→ How to complete this task
With the pictures omitted, print exactly the lines below, from the one containing "Morning + Camel Ride" through the one containing "Kea: El loro alpino", and nothing else.

→ Input data
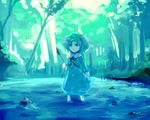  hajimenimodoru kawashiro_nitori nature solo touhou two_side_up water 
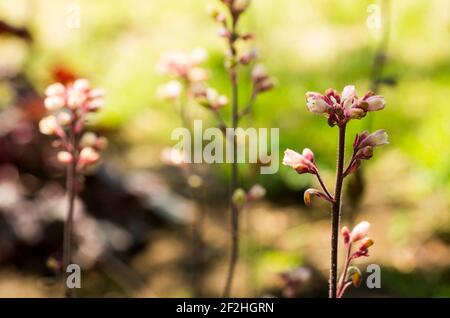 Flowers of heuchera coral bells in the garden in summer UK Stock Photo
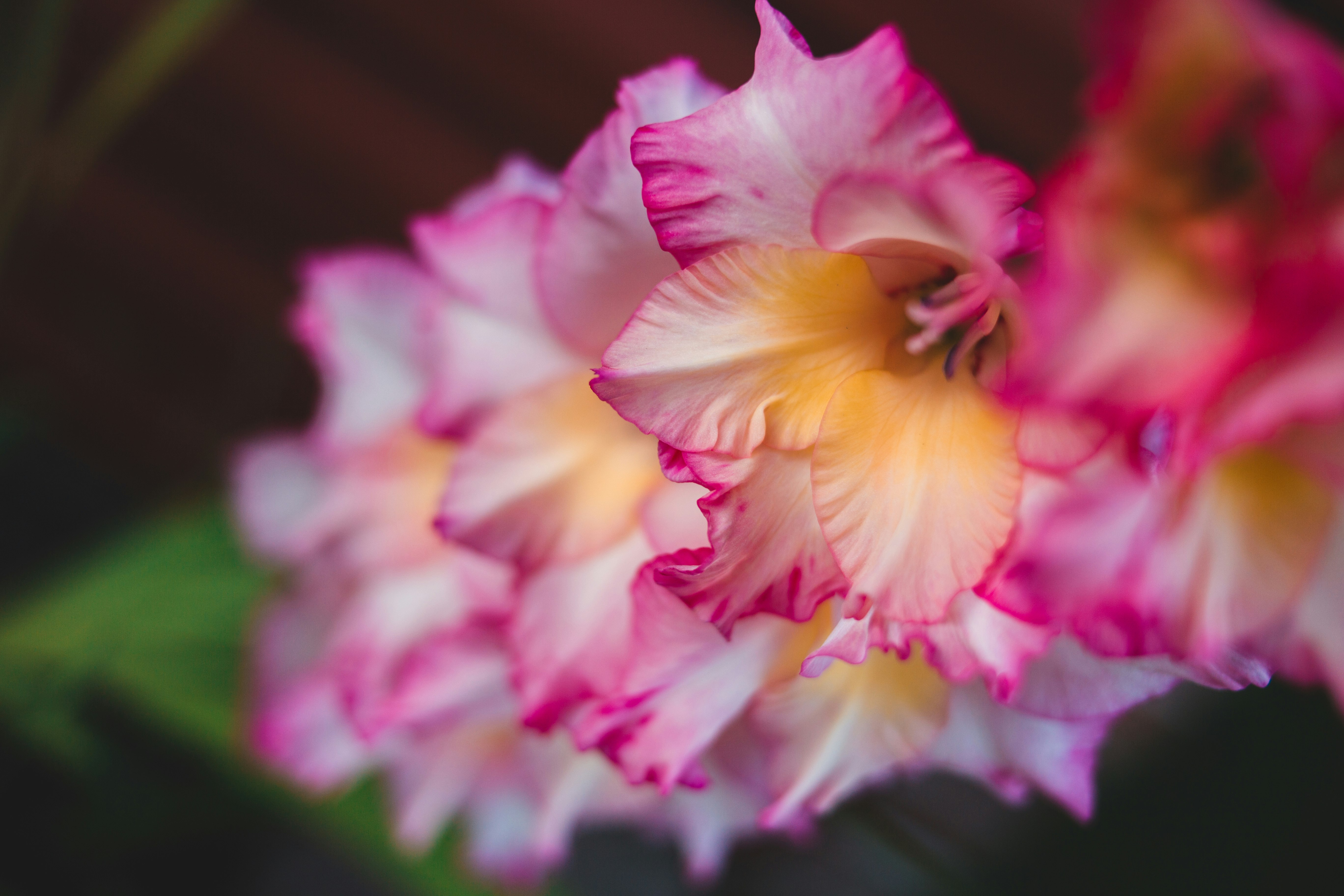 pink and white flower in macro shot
* * *
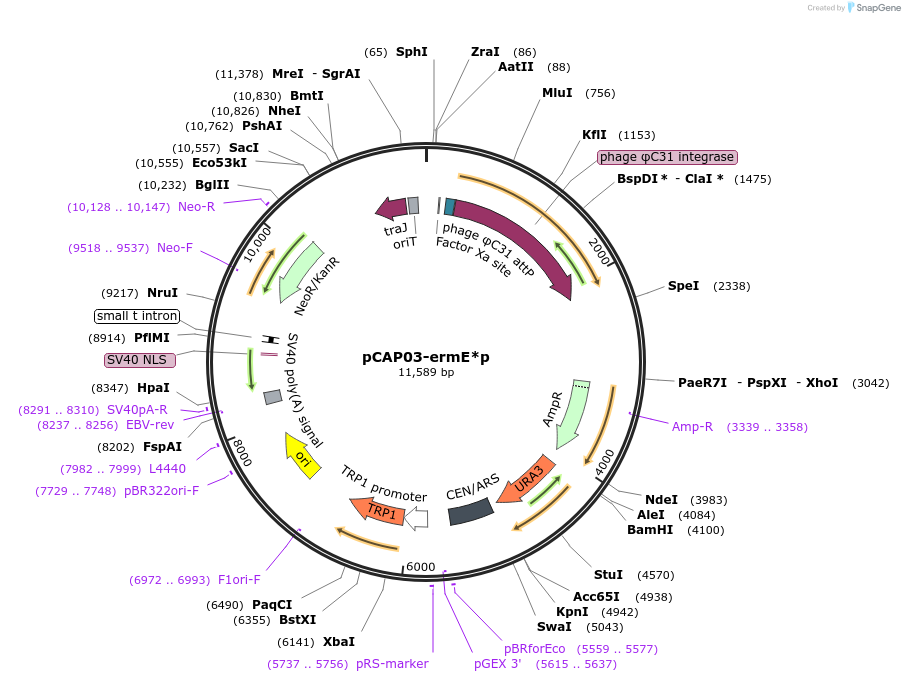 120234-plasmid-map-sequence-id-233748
...
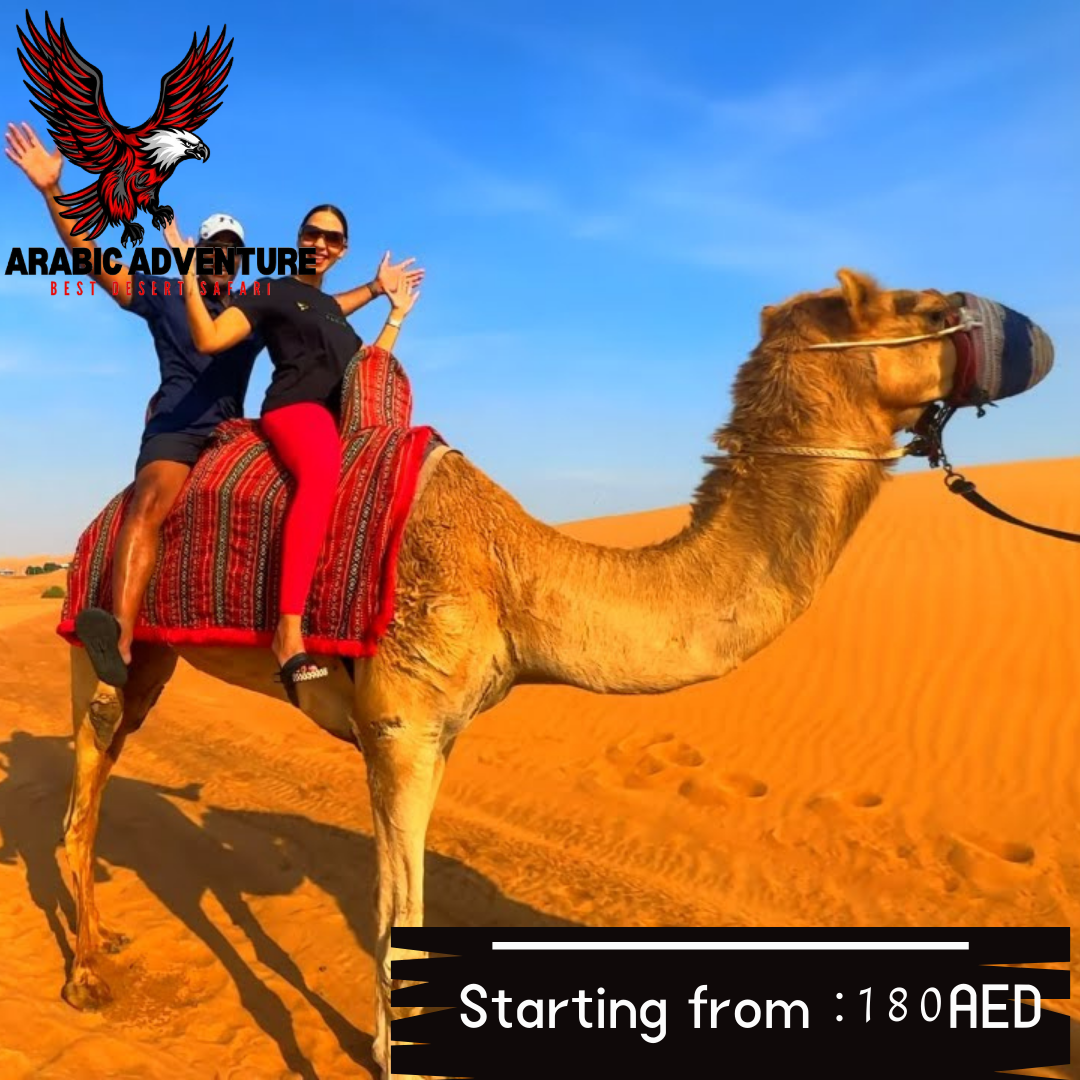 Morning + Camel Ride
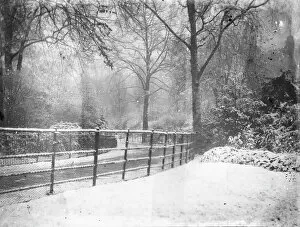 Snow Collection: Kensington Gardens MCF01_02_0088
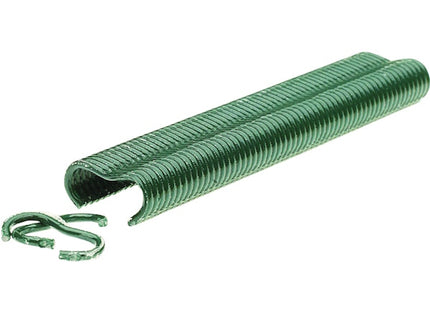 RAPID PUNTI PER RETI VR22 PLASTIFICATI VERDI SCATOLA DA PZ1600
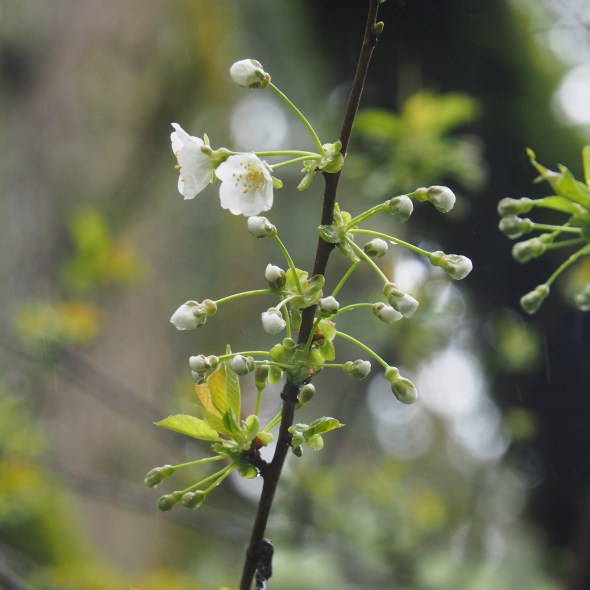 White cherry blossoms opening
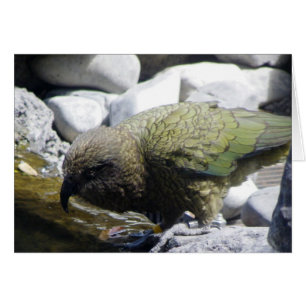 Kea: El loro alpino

→ Answer box
 Morning + Camel Ride
 Snow Collection: Kensington Gardens MCF01_02_0088
 RAPID PUNTI PER RETI VR22 PLASTIFICATI VERDI SCATOLA DA PZ1600
 White cherry blossoms opening
 Kea: El loro alpino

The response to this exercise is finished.